According to health policy of India, the policy prescribing increasing states health spending to more than 8% of their annual budgets by the year 2020. Yet, none of the seven states studying for this report by the CAG spending that amount by 2017. But the Government stating that India unlikely to meet the health relating sustainable development Goals.
The National Health Mission which provides for universal access to equitable; affordable and quality health care services was conceiving as the primary tool to reach health targets; maternal mortality ratio (MMR) of less than 70 deaths per 100,000 live births; neonatal mortality rate (NMR) of 12 deaths per 1,000 live births and under-five mortality rate (U5MR) of 25 deaths per 1,000 live births.

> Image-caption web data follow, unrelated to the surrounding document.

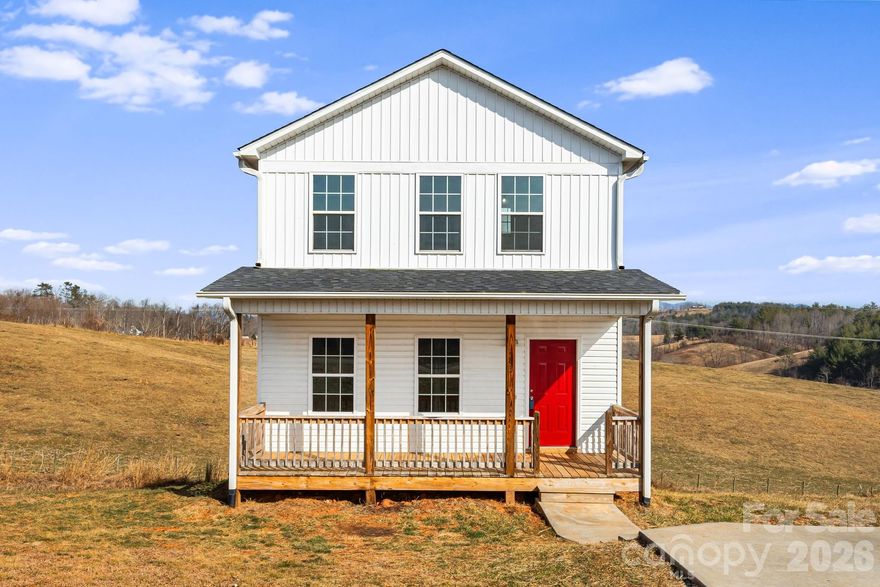 Less than 15 minutes to Weaverville and just 22 minutes to downtown Asheville. With no restrictions and no rental restrictions this property is ready for your vision. Nestled in peaceful Leicester this home is neighbored by well taken care of newer construction homes without the HOA. Beautiful back porch views.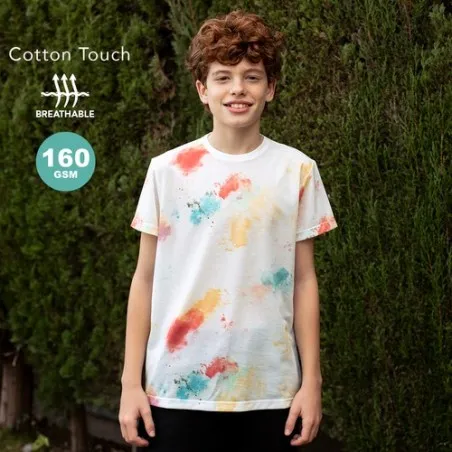 T-Shirt Enfant Personnalisé Confortable et à la Mode Hearvin Matières : polaire Couleurs : gris cadeau entreprise pas cher
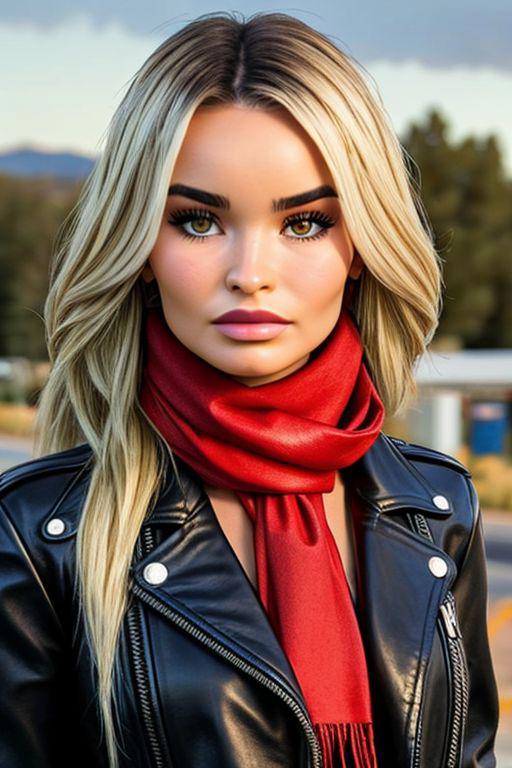 03651-2138157857-Picture, high quality, half body shot, SFW, biker Koh_MadiEdwardsV2-140, wearing a black leather jacket, red scarf, roadside gas - kopie.jpg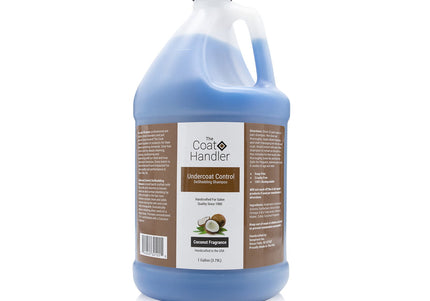 The Coat Handler Undercoat Control Deshedding Shampoo – Coconut Scent, Reduces Shedding and Undercoat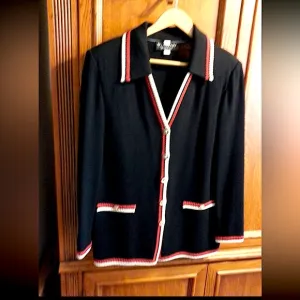 EUC Jacket from St John Collection by Marie Gray, Navy/Cream/Red, Size 10 $112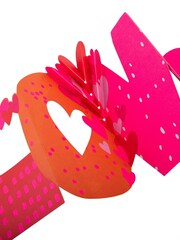 Hallmark Red Pop Up 'Love' Banner Valentines Card - Image 3 of 5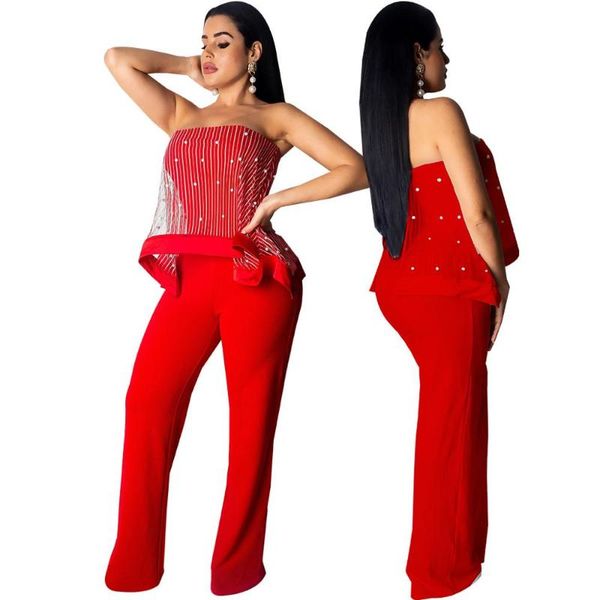 women's jumpsuits & rompers body feminino rushed jumpsuit women 2021 summer europe and america sleeveless mesh pearl bubbles nightclub, Black;white
women's jumpsuits & rompers body feminino rushed jumpsuit women 2021 summer europe and america sleeveless mesh pearl bubbles nightclub, Black;white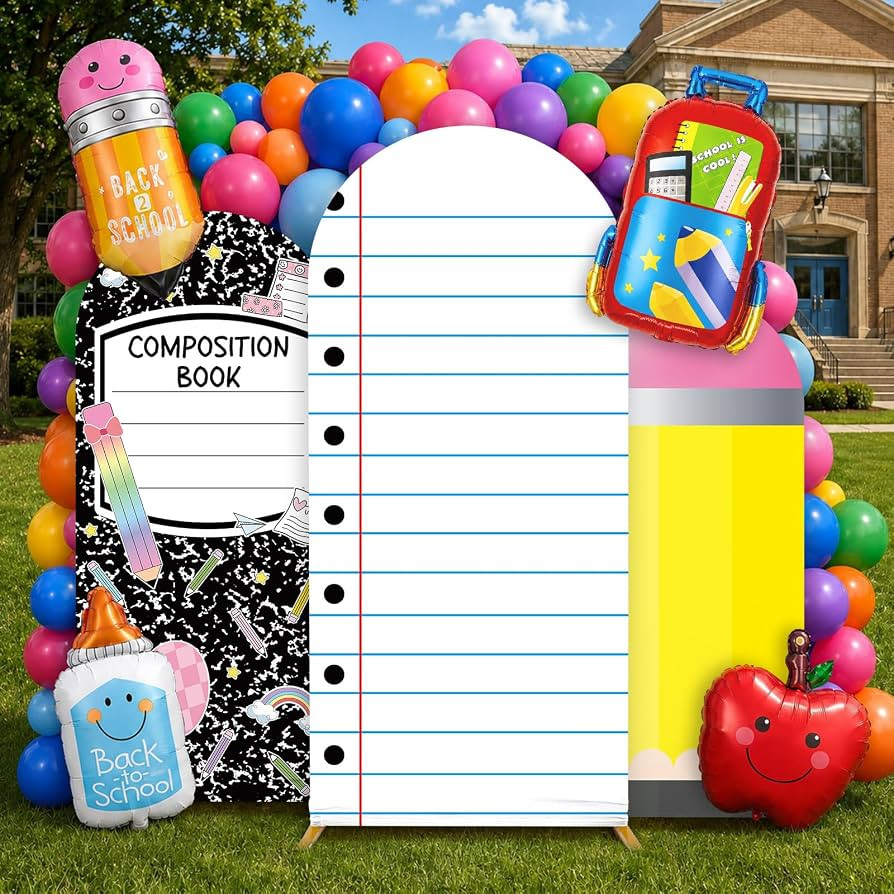 147Pcs Back to School Arch Backdrop Covers Rainbow Balloons with Back to School Foil Balloons Com... | Amazon (US)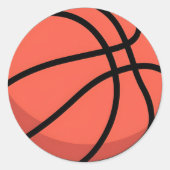 バスケットボール ラウンドシール (正面)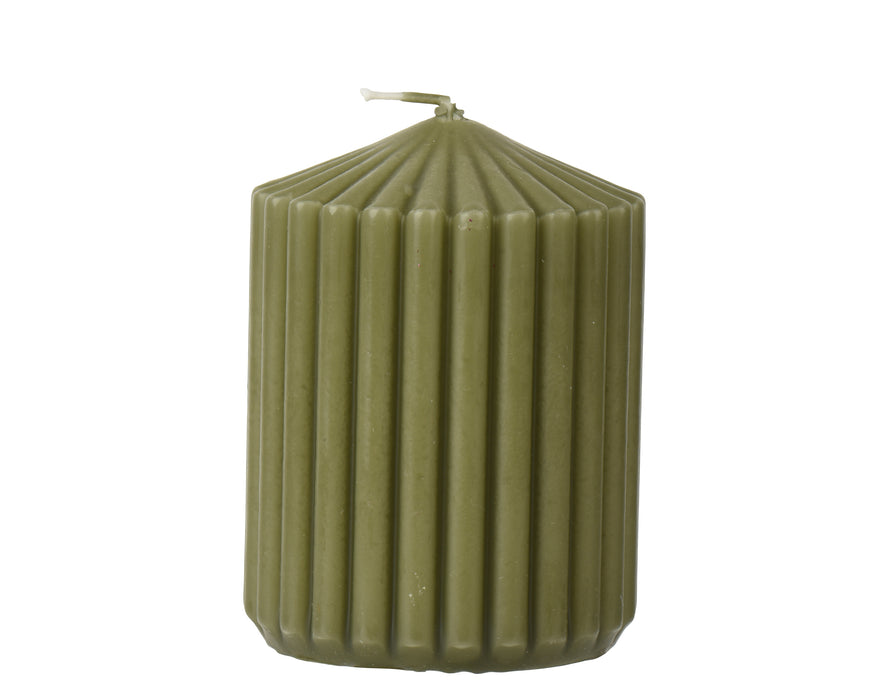 Candle Pillar Paraffin Green 8cm x 6 cm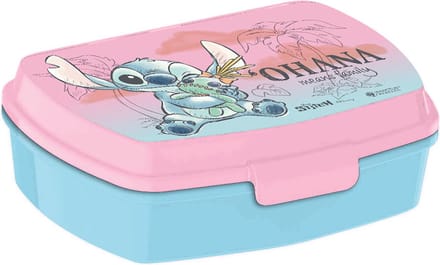 Disney Lilo & Stitch - 35 x 22 CM - Roze / Blauw - Lunchbox - Broodtrommel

While the health ministry proposing to increase India’s public health expenditure to 2.5% of its gross domestic product (GDP) by 2025; it has remaining within a narrow band of 1.02-1.28% of GDP. For this report, the CAG audited the NITI Aayog, the health ministry, the ministry of statistics and programme implementation, and 14 other ministries for preparedness to achieve SDGs.
Health policy prescribing
To reach the 2025 target of spending 2.5% of GDP on health; the National Health Policy mandated states to increase their health spending on primary care by at least 10% every year. In addition, a 4% health and education cess was also proposed which was not implemented. The Policy also prescribing increasing states’ health spending to more than 8% of their annual budgets by the year 2020. Yet, none of the seven states studied for this report by the CAG spent that amount by 2017.

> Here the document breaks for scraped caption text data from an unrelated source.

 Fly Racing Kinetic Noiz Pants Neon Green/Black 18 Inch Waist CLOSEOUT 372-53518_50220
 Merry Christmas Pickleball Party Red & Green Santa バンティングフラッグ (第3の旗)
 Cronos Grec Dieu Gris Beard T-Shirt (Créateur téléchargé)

Rural India has a shortfall of between 24% and 38% in the number of sub-centres, primary health centres (PHC) and community health centres in 28 states and union territories; data from the CAG’s 2017 audit report on reproductive and child health under the National Rural Health Mission; which seeks to strengthen the delivery of public health services in rural India.
Indian public health
Each PHC with a load of more than 20 deliveries per month needs at least two medical officers; according to Indian Public Health Standards set in 2006. Chhattisgarh has a total of 341 doctors in PHCs, which makes for 0.43 doctor per PHC, lower than required; according to the data cited in the CAG’s report. There were considerable human resource shortages in Chhattisgarh and UP.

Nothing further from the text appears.